Once the pictures are set aside, transcribe each line of the listing exactly.

_Data block_
------------------------------------------------------------

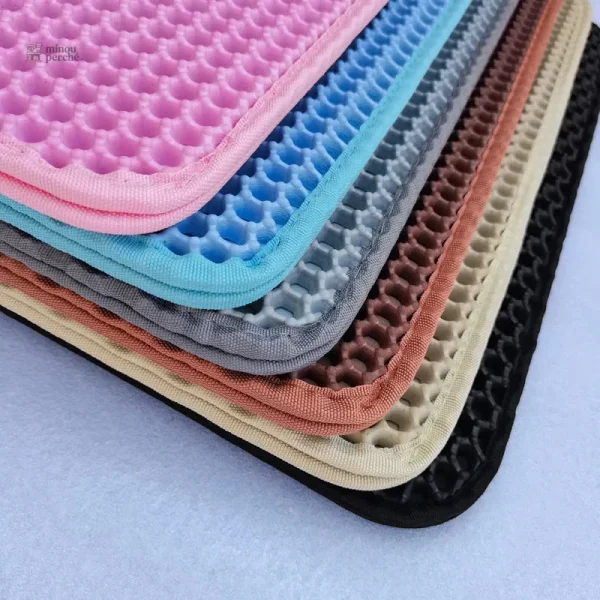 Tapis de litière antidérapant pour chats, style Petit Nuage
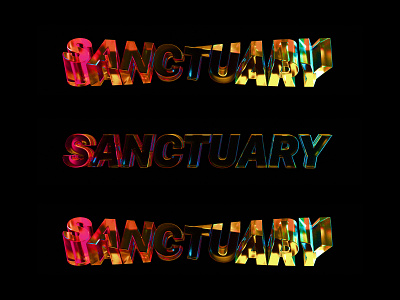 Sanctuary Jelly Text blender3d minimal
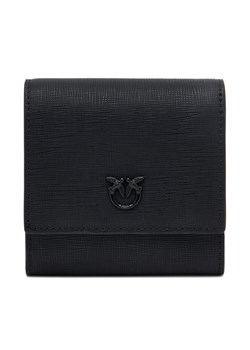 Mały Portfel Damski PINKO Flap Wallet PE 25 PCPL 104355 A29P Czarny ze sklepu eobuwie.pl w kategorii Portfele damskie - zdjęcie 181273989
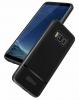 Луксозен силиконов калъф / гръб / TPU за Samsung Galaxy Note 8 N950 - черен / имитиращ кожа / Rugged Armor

------------------------------------------------------------

_Output for this task_
 Tapis de litière antidérapant pour chats, style Petit Nuage
 Sanctuary Jelly Text blender3d minimal
 Mały Portfel Damski PINKO Flap Wallet PE 25 PCPL 104355 A29P Czarny ze sklepu eobuwie.pl w kategorii Portfele damskie - zdjęcie 181273989
 Луксозен силиконов калъф / гръб / TPU за Samsung Galaxy Note 8 N950 - черен / имитиращ кожа / Rugged Armor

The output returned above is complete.